Steel on the back of Connellsville coke, as well as financiers such as Andrew
Mellon and Charles Schwab and transportation magnates such as the Pennsylvania
Railroad’s Thomas Scott.
Meanwhile, the
coke ovens burned. The miners carried their lunch buckets down the shafts, into
darkness. Children were born, and old men died. In Scottdale—my mother’s
hometown, and also Frick’s, a hamlet once known as Fountain Mills but renamed
in honor of Scott the Railroad King—I whiled away the summer climbing hay bales
and pitching bottles into the quarry and listening to my grandfather try to
cough up the coal dust trapped in his lungs. Meanwhile, Frick’s coke ovens,
cold and empty, crumbled into the roadside weeds. One might say that the land
was reasserting its claim to itself. But the scars—in stone, in flesh: even
then I knew they would remain.
**
The Historian’s Wife Describes the Appalachian Plateau (1930)
Dawn Potter
The Historian’s Wife Describes the Appalachian Plateau (1930)
Dawn Potter
Imagine a massive dining-room table
spread with a damask cloth whose starched
folds are difficult to climb. Once this table-
land was ironed smooth. Then up lurched
Chestnut Ridge, unruly as a soup stain
or a badly darned tear. In those days the sea
came and went, and came and went. When
the waters left, the table was the property
of trees and humid swamps and ferns as grand
as modern man though now he rules supreme.
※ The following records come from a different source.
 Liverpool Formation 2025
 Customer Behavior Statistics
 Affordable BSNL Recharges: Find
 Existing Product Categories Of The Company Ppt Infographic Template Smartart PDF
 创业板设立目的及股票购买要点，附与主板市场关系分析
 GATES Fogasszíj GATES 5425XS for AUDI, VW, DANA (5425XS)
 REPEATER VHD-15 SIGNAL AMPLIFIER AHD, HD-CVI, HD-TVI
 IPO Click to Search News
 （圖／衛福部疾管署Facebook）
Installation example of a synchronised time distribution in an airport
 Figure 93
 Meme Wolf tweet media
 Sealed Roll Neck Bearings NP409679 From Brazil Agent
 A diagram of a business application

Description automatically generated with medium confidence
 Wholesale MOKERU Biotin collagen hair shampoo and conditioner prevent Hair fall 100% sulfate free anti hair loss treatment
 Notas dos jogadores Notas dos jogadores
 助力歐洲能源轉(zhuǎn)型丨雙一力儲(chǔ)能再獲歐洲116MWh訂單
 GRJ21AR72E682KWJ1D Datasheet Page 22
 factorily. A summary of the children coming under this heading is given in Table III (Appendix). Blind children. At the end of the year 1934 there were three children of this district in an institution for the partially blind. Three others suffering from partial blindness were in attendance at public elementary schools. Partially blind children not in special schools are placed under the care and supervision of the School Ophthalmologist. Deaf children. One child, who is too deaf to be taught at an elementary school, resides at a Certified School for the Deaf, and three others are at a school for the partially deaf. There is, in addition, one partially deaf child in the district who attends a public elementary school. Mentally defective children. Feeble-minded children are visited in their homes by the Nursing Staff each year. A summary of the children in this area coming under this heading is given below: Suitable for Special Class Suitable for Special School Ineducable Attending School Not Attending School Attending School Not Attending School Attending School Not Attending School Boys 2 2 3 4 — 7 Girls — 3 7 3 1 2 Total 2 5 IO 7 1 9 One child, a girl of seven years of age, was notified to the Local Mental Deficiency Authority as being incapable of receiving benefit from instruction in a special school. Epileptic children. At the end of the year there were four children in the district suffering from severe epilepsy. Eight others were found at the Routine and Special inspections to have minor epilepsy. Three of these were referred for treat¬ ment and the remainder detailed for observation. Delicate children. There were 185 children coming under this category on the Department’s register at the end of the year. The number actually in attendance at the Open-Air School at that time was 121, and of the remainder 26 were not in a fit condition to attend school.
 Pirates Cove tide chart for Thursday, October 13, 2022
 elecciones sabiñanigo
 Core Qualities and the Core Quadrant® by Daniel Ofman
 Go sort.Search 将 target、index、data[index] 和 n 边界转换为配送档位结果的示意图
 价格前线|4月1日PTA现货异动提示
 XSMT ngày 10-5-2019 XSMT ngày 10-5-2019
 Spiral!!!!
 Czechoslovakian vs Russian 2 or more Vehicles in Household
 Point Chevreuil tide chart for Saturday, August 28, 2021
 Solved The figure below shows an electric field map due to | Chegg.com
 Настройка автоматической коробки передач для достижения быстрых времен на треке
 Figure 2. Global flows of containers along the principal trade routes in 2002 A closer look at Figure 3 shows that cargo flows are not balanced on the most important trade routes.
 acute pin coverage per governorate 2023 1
Then the sea rushed back, and with it sand;
and again the waves fell back, again they streamed,
spoiling the ferns, rotting the trees and their fruit.
Meanwhile, time applied her bitter tinctures;
the careless sea swept in her dustpans of silt.
It was a vast tedium that contrived our future.
[Versions of these pieces appeared in Hawk & Handsaw: The Journal of Creative Sustainability, vol. 5 (2012)]
3 comments:
I love the preface and the poem, both. I am reading Grisham's Gray Mountain, also of the coal region (though Appalachia, not PA)--what devastation humans have wrought. As you say, the scars remain throughout.
Actually this region of Pennsylvania is classified as Appalachia. Geographically the region goes all the way north to New England, though culturally Penn. is the northernmost reach. The area I'm writing about is right on the WV border.
Hm, in that case (and thx...I am geographically challenged, for sure) you may want to read Grisham's novel. It's the legal side of the pillaging of the land and the people who live there.